The Making of the Oxford English Dictionary
The Oxford English Dictionary, a continuously evolving monument to a global language, now has a history of its own.
Was there ever before such an enterprise? It is certainly safe to say that when the ‘Committee to collect unregistered words in English’ met under the auspices of the Philological Society in 1857, no one could have guessed exactly what would be involved in creating a lexicon totius Anglicitatis. Little more than 50 years later, Lord Curzon, as Chancellor of Oxford, could call the making of this great dictionary ‘the largest single engine of Research’ in the world. No wonder its first editor, James Murray, found himself in correspondence with everyone from the administrator of the Andaman Islands to the Mayor of Yarmouth or the Chief Rabbi. It is no surprise that it took until 1884 for the first printed fascicle to appear.
From its origins, the whole project is as revealing to historians as it is to lexicographers. Ironically, the English learned to value evidence and, more worryingly, something of nationalism, from their intellectual kinship with German philologists. In a brilliant phrase, the critic John Gross was right to call a key early figure, Frederick Furnivall, ‘one of the great rock-blasting entrepreneurs of Victorian scholarship’. Furnivall had lost much of his fortune in the banking collapse of Overend & Gurney in 1866 and the whole history of the OED is a case story of how business can balance long-term objectives with short-term needs. Some notable publishers, John Murray among them, declined. Oxford itself, said Furnivall, was even worse to negotiate with than Alexander Macmillan: ‘& he’s a Scotchman & a tradesman’. This history is also revealing of the politics of institutions; Murray likened meeting the delegates of the committee to the Congress of Berlin, ‘with myself as Russia, the Dons as England, Max Müller [a distinguished philologist] as Bismarck, and the result – nothing yet’.

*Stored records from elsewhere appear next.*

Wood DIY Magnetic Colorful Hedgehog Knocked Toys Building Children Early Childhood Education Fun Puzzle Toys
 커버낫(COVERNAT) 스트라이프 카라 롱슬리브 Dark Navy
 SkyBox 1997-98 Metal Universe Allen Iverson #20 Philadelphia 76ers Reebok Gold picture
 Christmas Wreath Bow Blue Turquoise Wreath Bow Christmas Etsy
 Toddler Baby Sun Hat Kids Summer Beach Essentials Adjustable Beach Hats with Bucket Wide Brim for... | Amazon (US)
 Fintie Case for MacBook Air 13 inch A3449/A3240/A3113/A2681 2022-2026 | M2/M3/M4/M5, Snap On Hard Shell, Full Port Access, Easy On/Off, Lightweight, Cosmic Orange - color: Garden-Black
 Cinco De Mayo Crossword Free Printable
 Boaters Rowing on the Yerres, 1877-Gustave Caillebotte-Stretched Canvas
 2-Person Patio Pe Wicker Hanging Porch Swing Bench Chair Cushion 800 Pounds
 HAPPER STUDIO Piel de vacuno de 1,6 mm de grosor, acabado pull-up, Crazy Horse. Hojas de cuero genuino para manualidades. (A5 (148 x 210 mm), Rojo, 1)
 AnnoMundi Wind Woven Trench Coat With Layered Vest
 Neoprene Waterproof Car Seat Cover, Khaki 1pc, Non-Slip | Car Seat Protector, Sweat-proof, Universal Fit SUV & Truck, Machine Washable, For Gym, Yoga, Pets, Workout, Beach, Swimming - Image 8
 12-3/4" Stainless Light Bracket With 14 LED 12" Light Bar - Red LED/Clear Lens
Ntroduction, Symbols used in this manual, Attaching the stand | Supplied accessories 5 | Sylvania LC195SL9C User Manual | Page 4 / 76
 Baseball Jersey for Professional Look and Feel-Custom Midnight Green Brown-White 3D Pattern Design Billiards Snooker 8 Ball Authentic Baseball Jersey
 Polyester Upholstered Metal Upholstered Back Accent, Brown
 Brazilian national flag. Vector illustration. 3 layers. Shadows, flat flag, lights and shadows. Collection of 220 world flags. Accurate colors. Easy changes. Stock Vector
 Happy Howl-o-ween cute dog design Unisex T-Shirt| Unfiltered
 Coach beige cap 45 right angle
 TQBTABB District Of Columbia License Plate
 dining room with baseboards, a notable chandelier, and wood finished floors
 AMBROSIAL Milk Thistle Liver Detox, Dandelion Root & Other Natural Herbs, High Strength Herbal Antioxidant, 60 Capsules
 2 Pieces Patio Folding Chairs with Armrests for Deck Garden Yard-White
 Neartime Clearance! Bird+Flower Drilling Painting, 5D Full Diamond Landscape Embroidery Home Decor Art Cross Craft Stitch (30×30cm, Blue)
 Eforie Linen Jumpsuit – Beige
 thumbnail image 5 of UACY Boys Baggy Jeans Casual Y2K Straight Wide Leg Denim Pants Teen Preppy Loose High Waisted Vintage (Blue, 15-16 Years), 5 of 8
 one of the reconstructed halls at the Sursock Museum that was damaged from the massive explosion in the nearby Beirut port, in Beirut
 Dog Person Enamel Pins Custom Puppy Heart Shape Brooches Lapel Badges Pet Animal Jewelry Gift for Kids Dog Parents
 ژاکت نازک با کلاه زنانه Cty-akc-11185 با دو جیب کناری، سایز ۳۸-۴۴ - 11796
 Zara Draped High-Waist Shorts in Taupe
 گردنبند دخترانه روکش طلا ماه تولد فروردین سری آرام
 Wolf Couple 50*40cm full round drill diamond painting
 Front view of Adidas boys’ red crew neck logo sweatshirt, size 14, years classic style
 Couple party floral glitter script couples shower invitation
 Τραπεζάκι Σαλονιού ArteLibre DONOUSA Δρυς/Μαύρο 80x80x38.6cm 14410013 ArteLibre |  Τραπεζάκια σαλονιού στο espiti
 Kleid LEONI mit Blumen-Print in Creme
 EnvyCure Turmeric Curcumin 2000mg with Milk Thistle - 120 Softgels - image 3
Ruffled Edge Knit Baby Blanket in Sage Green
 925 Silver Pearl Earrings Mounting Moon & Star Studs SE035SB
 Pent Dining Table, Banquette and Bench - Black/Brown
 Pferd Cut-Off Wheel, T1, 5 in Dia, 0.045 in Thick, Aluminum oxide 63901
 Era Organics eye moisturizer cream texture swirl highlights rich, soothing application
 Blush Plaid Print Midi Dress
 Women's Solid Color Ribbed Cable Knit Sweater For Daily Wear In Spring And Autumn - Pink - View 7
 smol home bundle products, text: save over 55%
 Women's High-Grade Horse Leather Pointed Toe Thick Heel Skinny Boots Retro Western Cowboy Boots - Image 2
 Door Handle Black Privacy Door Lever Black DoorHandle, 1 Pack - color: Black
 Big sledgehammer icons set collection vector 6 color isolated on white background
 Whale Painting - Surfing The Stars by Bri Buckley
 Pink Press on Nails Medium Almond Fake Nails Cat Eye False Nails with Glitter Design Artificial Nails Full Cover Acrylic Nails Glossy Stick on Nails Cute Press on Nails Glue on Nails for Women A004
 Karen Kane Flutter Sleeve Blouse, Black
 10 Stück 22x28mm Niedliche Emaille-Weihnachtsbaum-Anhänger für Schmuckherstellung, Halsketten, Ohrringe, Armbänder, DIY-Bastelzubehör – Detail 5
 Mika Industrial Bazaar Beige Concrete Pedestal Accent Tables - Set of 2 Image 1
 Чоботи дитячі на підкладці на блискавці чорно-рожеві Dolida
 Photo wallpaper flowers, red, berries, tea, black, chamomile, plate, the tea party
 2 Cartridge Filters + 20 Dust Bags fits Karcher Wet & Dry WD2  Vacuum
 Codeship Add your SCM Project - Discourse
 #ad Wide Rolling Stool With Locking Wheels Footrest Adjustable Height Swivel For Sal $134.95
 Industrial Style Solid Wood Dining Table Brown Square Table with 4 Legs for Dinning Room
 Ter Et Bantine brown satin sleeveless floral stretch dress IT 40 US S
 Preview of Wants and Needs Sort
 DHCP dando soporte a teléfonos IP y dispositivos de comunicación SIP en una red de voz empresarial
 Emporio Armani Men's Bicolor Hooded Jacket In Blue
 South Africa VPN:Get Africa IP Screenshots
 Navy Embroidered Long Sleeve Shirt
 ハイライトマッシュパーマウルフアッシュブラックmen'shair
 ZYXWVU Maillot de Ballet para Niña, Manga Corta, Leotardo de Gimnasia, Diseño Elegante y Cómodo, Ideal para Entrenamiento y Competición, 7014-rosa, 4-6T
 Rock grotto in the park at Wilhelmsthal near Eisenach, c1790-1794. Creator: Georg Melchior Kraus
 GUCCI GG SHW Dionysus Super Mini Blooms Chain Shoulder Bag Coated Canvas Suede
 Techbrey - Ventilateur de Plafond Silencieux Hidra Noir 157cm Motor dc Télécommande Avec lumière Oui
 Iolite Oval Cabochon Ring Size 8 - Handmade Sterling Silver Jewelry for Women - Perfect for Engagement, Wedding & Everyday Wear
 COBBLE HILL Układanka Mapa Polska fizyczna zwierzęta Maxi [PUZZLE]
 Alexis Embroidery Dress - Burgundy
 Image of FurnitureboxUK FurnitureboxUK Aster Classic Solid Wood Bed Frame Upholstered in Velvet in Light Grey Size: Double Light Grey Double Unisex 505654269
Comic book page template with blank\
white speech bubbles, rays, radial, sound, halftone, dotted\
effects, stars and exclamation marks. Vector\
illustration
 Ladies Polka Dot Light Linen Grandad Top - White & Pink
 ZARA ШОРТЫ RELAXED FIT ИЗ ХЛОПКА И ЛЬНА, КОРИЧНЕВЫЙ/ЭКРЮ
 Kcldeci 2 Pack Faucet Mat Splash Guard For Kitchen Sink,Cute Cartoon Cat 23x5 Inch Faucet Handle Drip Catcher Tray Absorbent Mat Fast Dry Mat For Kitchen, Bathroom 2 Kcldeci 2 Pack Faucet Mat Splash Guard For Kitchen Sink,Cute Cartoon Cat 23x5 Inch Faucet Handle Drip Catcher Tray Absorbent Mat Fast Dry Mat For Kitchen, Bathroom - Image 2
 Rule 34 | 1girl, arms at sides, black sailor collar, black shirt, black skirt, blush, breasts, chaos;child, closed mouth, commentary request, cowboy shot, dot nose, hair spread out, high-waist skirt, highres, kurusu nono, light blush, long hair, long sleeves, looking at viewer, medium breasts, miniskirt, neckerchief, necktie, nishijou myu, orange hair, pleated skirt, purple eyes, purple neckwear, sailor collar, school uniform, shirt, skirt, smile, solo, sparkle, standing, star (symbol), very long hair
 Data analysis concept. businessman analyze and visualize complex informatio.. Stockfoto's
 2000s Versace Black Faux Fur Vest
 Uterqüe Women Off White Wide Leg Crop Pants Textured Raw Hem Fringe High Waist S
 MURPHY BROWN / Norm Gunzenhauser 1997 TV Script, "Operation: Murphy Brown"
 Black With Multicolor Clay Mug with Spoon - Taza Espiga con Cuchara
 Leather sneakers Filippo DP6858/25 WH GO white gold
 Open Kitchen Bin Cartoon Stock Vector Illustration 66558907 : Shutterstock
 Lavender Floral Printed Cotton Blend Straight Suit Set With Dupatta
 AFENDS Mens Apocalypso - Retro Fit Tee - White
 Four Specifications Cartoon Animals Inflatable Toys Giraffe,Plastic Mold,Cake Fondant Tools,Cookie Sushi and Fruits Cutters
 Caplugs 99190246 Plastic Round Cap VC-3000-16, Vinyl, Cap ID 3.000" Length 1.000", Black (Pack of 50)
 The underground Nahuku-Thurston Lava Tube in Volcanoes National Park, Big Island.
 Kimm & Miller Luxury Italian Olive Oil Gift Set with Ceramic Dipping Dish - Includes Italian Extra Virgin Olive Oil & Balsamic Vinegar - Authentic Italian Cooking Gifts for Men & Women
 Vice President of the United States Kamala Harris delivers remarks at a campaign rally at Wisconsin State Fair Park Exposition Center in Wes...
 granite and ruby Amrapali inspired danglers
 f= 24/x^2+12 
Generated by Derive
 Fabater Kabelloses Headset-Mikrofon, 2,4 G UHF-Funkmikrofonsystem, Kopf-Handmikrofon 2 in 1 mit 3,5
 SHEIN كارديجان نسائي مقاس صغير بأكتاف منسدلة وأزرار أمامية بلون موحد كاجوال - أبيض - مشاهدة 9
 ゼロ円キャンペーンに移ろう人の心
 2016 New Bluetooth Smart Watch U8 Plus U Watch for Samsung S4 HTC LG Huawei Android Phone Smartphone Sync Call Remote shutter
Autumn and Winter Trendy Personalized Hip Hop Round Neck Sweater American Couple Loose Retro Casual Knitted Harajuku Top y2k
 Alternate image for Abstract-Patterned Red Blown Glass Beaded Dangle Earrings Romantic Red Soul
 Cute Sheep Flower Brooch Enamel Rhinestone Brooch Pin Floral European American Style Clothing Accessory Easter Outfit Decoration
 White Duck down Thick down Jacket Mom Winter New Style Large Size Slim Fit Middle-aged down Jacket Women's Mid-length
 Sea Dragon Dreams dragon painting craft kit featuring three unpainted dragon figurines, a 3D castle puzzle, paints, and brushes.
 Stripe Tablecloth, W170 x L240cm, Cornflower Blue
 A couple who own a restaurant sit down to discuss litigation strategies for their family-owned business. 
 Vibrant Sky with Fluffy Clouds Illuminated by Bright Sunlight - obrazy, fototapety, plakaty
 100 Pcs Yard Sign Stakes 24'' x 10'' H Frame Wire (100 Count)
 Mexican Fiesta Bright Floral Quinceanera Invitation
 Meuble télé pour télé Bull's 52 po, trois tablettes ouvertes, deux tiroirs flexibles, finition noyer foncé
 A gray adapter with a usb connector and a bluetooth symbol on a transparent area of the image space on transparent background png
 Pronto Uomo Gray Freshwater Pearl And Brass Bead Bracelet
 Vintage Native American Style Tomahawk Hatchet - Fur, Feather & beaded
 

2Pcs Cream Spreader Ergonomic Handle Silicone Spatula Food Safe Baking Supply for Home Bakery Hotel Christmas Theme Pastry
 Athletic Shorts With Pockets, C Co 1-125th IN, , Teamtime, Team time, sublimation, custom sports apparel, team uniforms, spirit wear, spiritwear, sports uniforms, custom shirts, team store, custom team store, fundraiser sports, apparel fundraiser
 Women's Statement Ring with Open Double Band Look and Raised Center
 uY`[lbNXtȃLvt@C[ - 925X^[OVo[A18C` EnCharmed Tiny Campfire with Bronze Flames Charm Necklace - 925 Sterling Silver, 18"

The first incarnation of the dictionary was a perfect symbol of its age, trying in vain to reconcile progress and permanence; its dedication to Queen Victoria in her Diamond Jubilee year expressed that spirit. But it would be unfair to write off more than a century of live development that has followed the first edition as lacking the same distinctive qualities. The subsequent history of the dictionary mirrors advances in technology, from entries handwritten on chocolate bar wrappers – several varieties – to the pioneering digitisation we witness today.
Peter Gilliver proves not only that words have a history but also that the study of that history reveals a great deal about our preoccupations at any particular time. Is it the ‘definitive’ history? Perhaps not, I thought, after I had looked for the word in my battered micrographic reproduction of the complete dictionary. But since language is a living medium, I still give it the ‘definitive’ accolade and with very few qualms.
The Making of the Oxford English Dictionary
Peter Gilliver
Oxford University Press 656pp £40
Jamie Camplin is a historian and publisher. His next book (with Maria Ranauro) will be entitled Books Do Furnish a Painting.